Met behulp van mijn Transformational Breathing ademcoach heb ik mijn trauma kunnen transformeren. Door de ademsessie voelde ik me zo veilig en gedragen dat ik mijn GGZ behandelaar eindelijk het geheim durfde te vertellen dat ik al tweeëndertig jaar bij me draag.
Nu deel ik voor het eerst mijn geheim op mijn blog.
Sinds de ademsessie van 1 september 2020 ben ik met mijn GGZ behandelaar bezig om mijn jeugdtrauma te herschrijven met behulp van Imaginary Rescripting. Zodat ik er beter mee om kan gaan en het trauma mijn leven niet meer ontwricht.
In de war
Er is sindsdien dus al veel veranderd, waardoor ik eindelijk stapje voor stapje mijn trauma kan gaan verwerken. Ik wilde weer ademwerk bij Natalie doen, omdat het altijd voor mooie doorbraken zorgt. Op 27 oktober 2020 was het zover. Dat het zó’n doorbraak zou worden dat had ik niet verwacht. Transformatie is een beter woord.
Terwijl ik in haar woonkamer in de massagestoel zat met een kop thee, begonnen we te praten over hoe het afgelopen acht weken was gegaan. Ik vertelde dat ik nu aan de slag ben met mijn jeugdtrauma. Ik benoemde mijn trauma niet concreet, want ik durfde haar nog niet te vertellen wat er aan de hand was.
Natalie vroeg op welk thema ik deze sessie wilde ademen. Ik sloeg helemaal dicht omdat ik ging voelen wat ik wilde, maar ik voelde vooral wat ik níet wilde. En daardoor kreeg ik flashbacks naar het trauma. Ik moest ervan huilen en raakte in de war.

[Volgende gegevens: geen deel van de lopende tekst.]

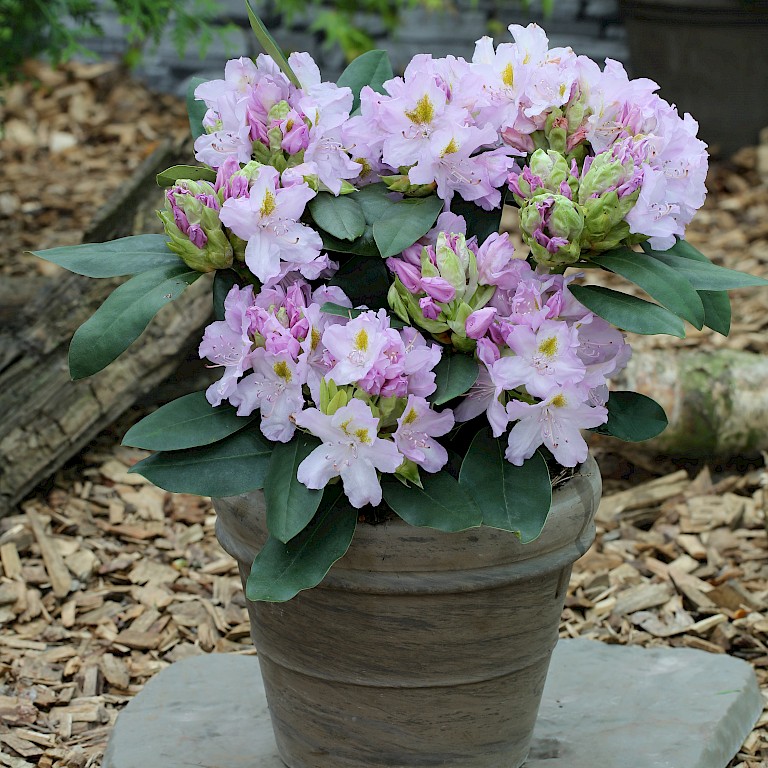 Rhododendron Hybride 'Genoveva'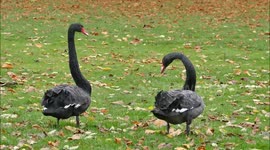 Beautiful black swans in love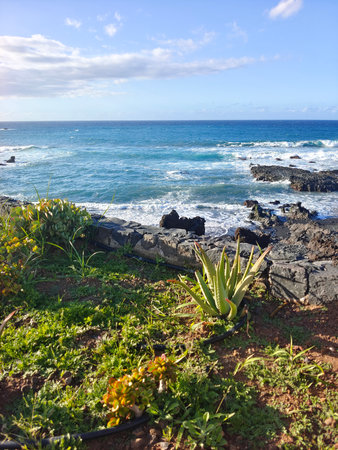 Wave in the sea of canary island in the north of Tenerife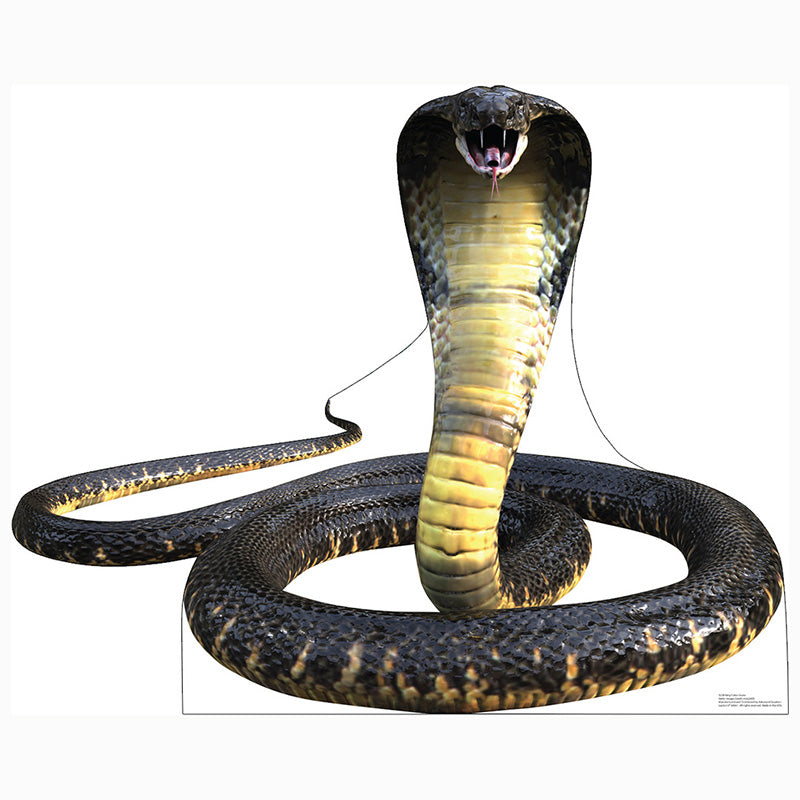 KING COBRA SNAKE Cardboard Cutout Standup / Standee
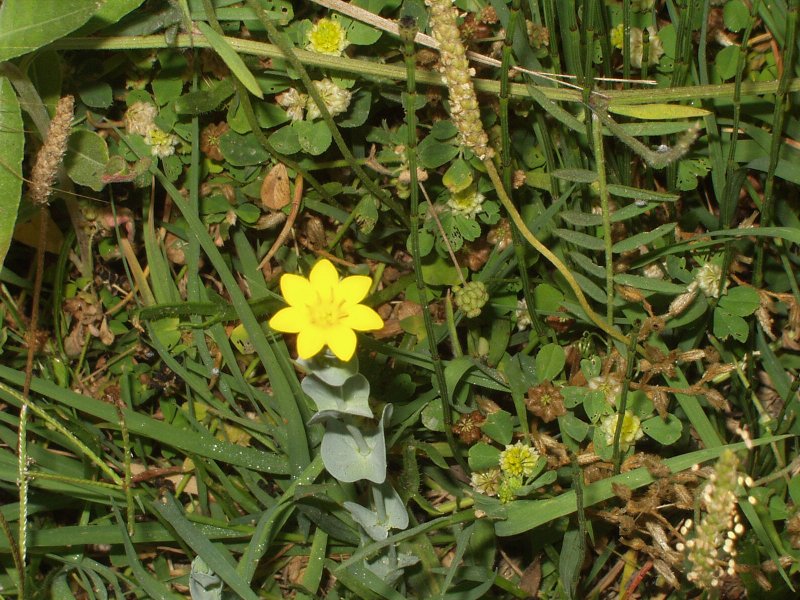 Blackstonia perfoliata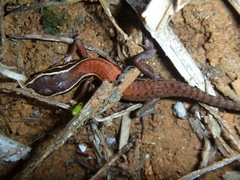 Tropidoscincus variabilis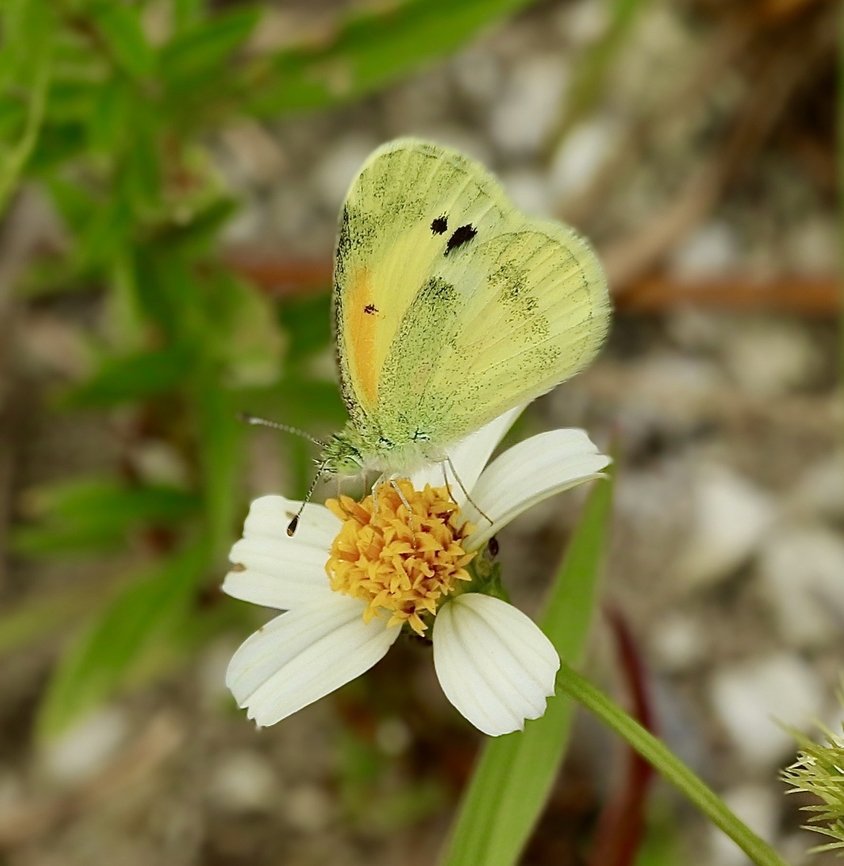 Dainty Sulphur - Nathalis iole  Dainty Sulphur,Geotagged,Nathalis iole,Summer,United States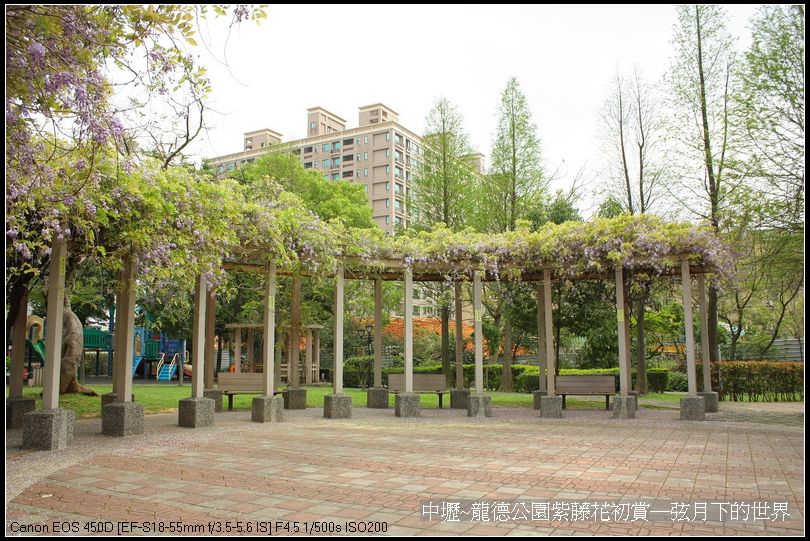 中壢~龍德公園紫藤花初賞_24.jpg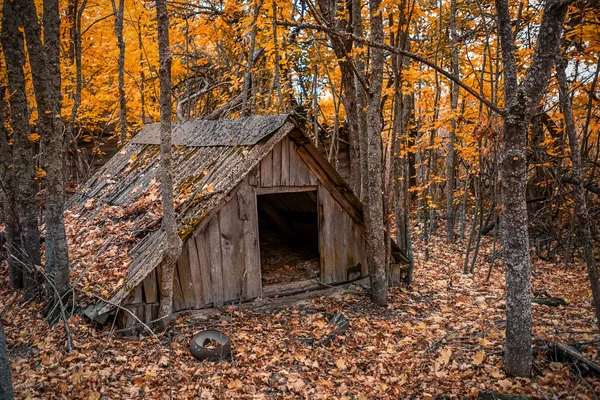 Jardin Abandonné Envahi Par Des Plantes Sauvages Qui Ont Commencé — Photo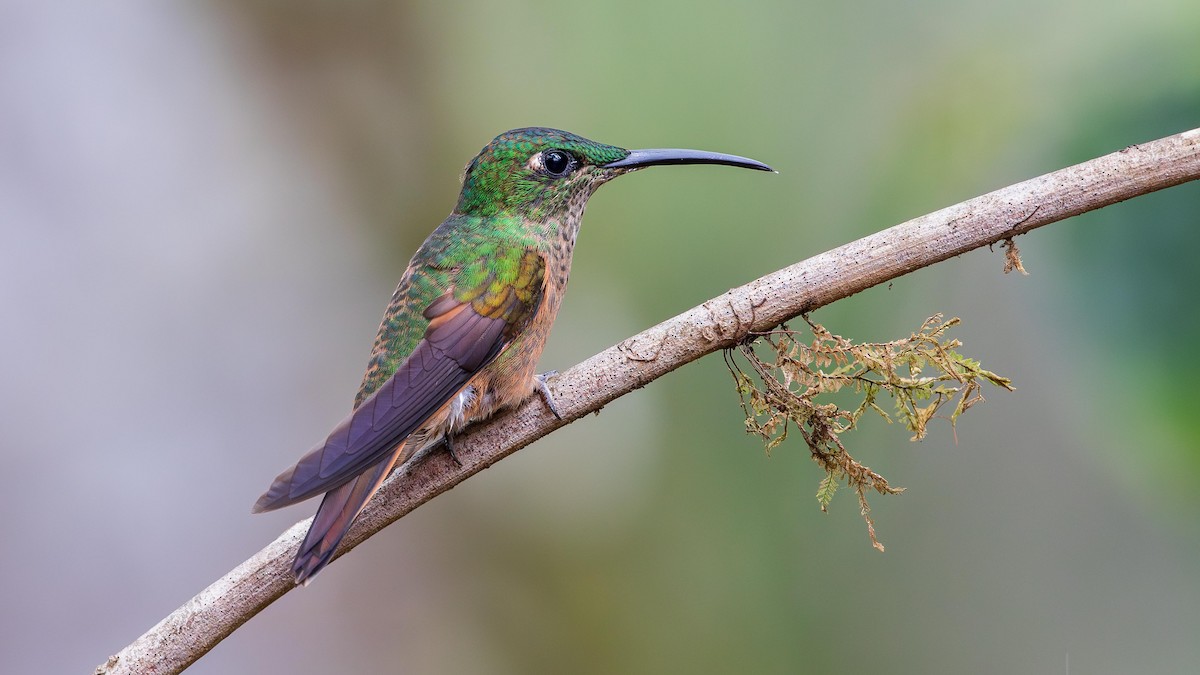 Brillante Pechigamuza - ML647343430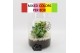 Arrangementen kamerplanten FDCR-2606M Basic Fundamentals terrarium 2 p 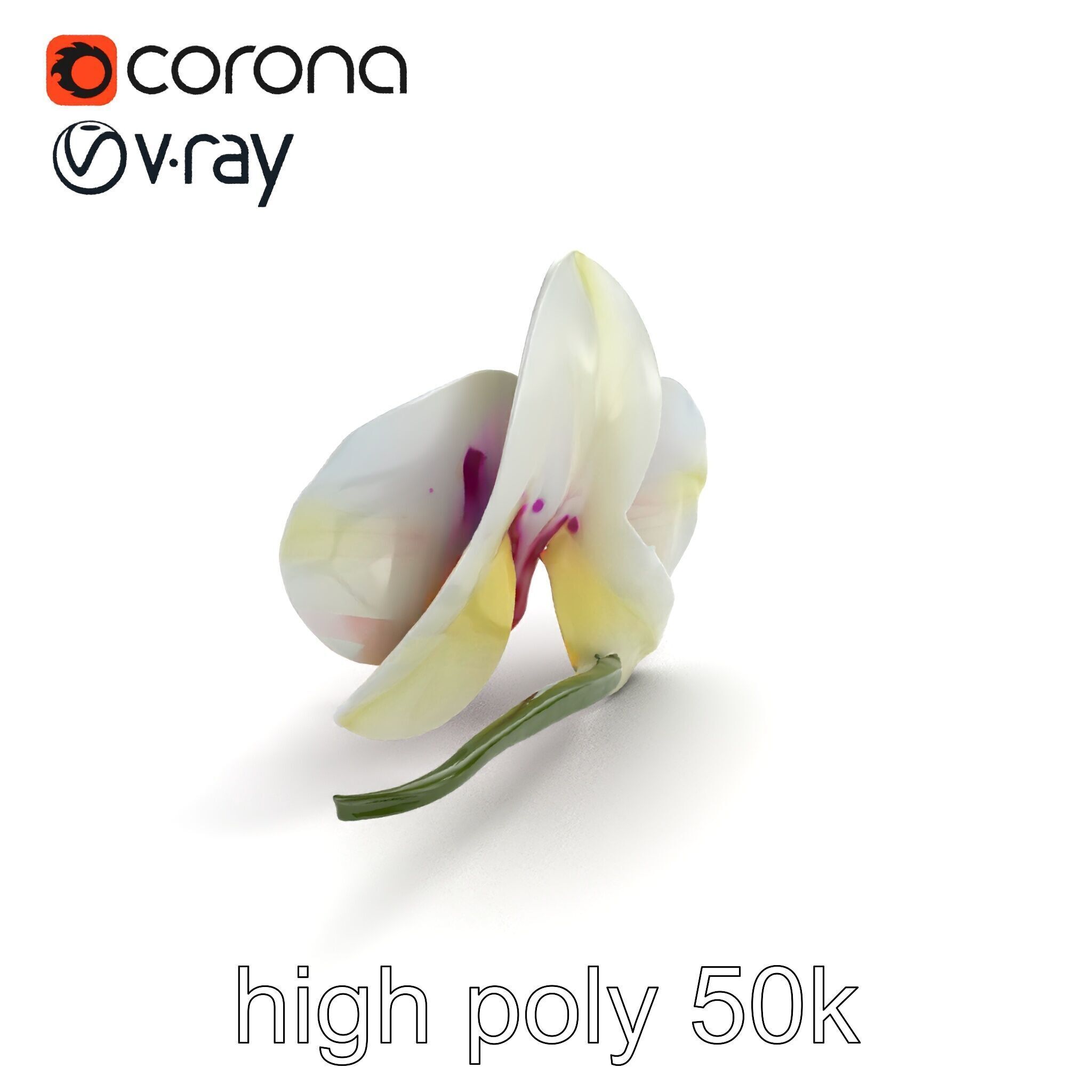 Vivid Cambria Orchid Hybrid model pack Low-poly 3D model_9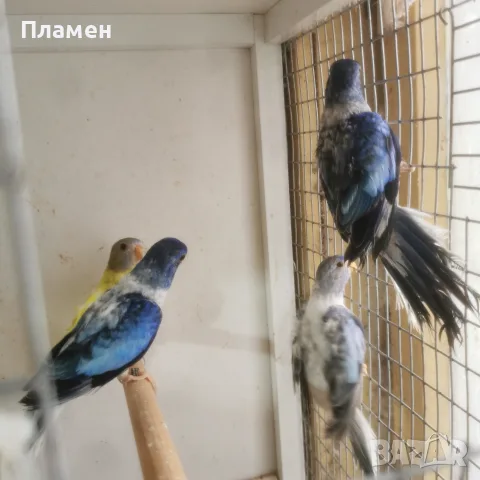 Неофема Сплендида, снимка 2 - Папагали - 56272778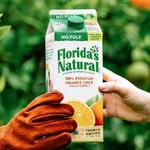 Florida's Natural Grove House Visitor Center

Op een gegeven moment vatte mijn brein iets wat gezegd werd op als: je moet niet in een trauma blijven hangen. Op een gegeven moment moet je door.
In paniek
Ik raakte getriggerd en bevroor. Ik voelde me aangevallen en kreeg het gevoel dat ik alles verkeerd deed. Ik voelde paniek opkomen en voelde me erg onveilig. Ik wílde niet blijven hangen in dit trauma, ik wílde door, maar om de één of andere reden kón ik het niet loslaten. Een deel van mij wilde bij dat trauma blijven. Hoe kwam dat?
Ze vroeg me vervolgens weer waar op ik wilde ademen en ik klapte weer dicht. Toen zei ik huilend: “Ik wil vol vertrouwen zijn.” Ik was echter zo getriggerd dat ik begon te hyperventileren. Natalie nam me snel mee naar haar ademwerkkamer om transformerend te ademen. Ze hielp me mijn adem (en mij) weer rustig te krijgen.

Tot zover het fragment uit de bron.